Like a daemon

P

Phil Carmody

Kenneth Brody said:
John said:
[snip]

Like a daemon, touch(1)'d for the very first time,
Like a daeee-eee-eee-ee-mon, but the scheduler's gone offline...

So I'm not the only one who thought that, huh?

Far from it.
At least I had the
good sense not to post it. :)
Shame!

Of course, my version used fork(2).

Ditto.

Phil
 
J

John Bode

John said:

Like a daemon, touch(1)'d for the very first time,
Like a daeee-eee-eee-ee-mon, but the scheduler's gone offline...

So I'm not the only one who thought that, huh?  At least I had the good
sense not to post it.  :)

Of course, my version used fork(2).

Can't help it, I've always been weak-willed.
 
J

John Kelly

the existence of prior art has, as far as I can tell, never been
a big deal with regarding to giving code feedback. Nobody tells a
"hello world" guy not to bother because it's already been done.

An artist creates what he wants. Undesirable prior art is irrelevant
for copyright purposes. I wrote dh from scratch and gave it an Apache
license.

Perhaps that disturbs certain GPL adherents. I have observed Debian
advocates demonstrating fanatical zeal for it.

Invading the two character namespace with a distro tool like debhelper
was poor judgement. It should be self evident that distro tools need
longer names. If Ubuntu uses debhelper, they may rename it for brand
identity and consistency. Debian is not important. Their mistake does
not hinder my work.

The daemon helper, a universal tool suitable for many *NIX variants, has
its place in the two character namespace; dh is its name.

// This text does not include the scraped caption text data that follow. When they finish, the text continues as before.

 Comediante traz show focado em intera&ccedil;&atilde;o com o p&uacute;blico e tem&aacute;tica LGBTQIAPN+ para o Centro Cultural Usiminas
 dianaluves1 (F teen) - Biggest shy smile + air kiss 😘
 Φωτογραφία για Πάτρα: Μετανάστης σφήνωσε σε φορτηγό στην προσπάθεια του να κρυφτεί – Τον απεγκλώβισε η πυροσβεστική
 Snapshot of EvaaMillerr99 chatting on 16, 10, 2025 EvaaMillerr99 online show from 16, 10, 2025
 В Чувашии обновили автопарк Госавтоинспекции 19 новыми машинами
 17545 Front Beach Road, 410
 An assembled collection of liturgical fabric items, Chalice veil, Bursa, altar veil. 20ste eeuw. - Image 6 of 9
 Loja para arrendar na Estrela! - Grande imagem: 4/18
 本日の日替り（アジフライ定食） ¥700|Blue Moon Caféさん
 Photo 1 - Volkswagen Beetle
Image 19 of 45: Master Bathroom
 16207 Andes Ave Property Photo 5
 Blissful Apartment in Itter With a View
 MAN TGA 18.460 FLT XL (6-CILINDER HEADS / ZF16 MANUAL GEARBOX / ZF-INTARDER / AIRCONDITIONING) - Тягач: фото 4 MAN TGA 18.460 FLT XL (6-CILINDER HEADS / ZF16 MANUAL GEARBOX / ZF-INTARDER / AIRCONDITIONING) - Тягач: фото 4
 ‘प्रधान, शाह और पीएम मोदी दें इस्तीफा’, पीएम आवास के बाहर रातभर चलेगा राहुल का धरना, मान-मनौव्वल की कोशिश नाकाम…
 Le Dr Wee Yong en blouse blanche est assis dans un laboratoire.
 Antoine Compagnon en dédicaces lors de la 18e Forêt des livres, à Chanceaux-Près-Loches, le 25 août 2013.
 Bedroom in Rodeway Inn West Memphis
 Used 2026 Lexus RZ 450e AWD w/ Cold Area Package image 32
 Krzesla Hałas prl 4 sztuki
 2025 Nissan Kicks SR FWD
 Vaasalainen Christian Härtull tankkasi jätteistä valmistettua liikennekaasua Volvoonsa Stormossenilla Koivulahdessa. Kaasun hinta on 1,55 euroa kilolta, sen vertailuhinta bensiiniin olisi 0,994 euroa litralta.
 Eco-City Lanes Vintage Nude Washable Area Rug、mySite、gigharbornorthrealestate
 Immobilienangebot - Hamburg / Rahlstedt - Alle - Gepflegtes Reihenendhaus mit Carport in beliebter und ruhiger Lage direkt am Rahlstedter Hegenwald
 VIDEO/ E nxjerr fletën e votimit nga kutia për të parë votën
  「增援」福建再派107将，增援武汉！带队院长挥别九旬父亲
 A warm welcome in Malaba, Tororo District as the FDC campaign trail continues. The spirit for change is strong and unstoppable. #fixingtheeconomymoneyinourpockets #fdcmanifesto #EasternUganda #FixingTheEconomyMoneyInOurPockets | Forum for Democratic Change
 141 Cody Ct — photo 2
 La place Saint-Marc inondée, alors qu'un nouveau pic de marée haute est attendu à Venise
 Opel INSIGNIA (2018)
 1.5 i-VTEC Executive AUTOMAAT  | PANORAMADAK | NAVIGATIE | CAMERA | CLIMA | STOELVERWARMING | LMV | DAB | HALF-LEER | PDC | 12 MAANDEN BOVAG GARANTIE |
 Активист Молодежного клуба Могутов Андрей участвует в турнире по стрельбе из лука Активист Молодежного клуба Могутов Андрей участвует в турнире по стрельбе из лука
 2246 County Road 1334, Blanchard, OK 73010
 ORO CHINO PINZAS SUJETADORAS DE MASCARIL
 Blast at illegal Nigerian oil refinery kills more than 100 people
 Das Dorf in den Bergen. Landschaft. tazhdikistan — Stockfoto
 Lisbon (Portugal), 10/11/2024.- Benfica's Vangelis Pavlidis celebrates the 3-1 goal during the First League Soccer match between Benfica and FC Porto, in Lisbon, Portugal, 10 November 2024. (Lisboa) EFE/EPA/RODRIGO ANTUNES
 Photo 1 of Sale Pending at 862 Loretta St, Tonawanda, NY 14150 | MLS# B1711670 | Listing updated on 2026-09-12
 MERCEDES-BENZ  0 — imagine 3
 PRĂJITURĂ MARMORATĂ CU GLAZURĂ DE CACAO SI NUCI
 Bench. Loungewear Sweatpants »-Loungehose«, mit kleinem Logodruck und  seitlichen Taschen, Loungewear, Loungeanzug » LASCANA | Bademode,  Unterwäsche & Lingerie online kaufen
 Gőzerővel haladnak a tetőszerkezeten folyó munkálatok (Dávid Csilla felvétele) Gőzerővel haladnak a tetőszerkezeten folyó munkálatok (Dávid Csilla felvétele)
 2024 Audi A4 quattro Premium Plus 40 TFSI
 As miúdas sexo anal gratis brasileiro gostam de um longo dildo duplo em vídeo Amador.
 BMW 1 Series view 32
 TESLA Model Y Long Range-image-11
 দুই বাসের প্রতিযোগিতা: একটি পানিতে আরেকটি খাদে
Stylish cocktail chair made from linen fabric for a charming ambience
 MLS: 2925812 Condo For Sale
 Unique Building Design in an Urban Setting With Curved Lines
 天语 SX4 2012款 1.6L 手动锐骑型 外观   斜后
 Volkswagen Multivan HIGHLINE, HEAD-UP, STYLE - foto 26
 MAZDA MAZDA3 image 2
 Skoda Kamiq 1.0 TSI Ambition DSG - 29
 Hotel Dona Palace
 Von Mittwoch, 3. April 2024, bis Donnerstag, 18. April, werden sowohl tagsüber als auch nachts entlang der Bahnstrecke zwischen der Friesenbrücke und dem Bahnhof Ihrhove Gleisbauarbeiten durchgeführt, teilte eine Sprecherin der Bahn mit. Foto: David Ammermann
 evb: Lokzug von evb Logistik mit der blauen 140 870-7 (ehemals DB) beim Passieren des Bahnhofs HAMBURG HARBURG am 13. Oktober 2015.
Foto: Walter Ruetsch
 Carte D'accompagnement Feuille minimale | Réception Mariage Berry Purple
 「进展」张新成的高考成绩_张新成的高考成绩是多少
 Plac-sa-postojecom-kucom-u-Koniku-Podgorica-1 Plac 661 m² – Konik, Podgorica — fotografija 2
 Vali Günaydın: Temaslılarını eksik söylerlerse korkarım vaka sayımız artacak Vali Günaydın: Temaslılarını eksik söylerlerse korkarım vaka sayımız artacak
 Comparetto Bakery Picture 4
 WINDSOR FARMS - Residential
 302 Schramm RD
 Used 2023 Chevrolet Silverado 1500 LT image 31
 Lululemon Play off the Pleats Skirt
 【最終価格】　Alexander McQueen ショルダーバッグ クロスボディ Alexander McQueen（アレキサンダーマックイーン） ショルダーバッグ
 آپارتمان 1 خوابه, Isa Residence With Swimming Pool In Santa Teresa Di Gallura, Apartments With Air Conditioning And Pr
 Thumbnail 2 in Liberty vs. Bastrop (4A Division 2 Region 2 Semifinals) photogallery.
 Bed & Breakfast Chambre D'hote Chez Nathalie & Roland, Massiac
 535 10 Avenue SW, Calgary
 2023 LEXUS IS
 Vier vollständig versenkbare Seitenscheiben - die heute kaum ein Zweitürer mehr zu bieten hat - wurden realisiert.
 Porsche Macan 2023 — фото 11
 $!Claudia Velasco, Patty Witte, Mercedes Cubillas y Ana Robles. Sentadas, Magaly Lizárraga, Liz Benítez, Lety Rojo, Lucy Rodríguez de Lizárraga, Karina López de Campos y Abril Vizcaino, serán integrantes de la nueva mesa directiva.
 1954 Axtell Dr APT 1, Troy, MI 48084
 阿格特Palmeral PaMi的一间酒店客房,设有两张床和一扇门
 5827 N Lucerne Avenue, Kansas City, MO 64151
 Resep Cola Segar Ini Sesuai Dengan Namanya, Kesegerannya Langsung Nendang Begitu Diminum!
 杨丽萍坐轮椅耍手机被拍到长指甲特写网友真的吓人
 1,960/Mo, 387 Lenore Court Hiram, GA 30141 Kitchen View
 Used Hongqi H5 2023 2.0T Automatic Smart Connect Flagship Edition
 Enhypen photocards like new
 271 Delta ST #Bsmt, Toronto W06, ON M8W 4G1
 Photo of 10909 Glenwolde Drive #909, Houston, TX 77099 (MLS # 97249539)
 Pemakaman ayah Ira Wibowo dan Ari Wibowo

ftp://ftp.isp2dial.com/users/jak/src/dh/
 
S

Seebs

An artist creates what he wants. Undesirable prior art is irrelevant
for copyright purposes. I wrote dh from scratch and gave it an Apache
license.
Perhaps that disturbs certain GPL adherents. I have observed Debian
advocates demonstrating fanatical zeal for it.

Actually, no one cares what license you give for it, because it's
fundamentally useless.
Invading the two character namespace with a distro tool like debhelper
was poor judgement.

And invading it with a personal-use-only tool, carefully constructed to
violate established practice, was actually worse judgement.
It should be self evident that distro tools need longer names.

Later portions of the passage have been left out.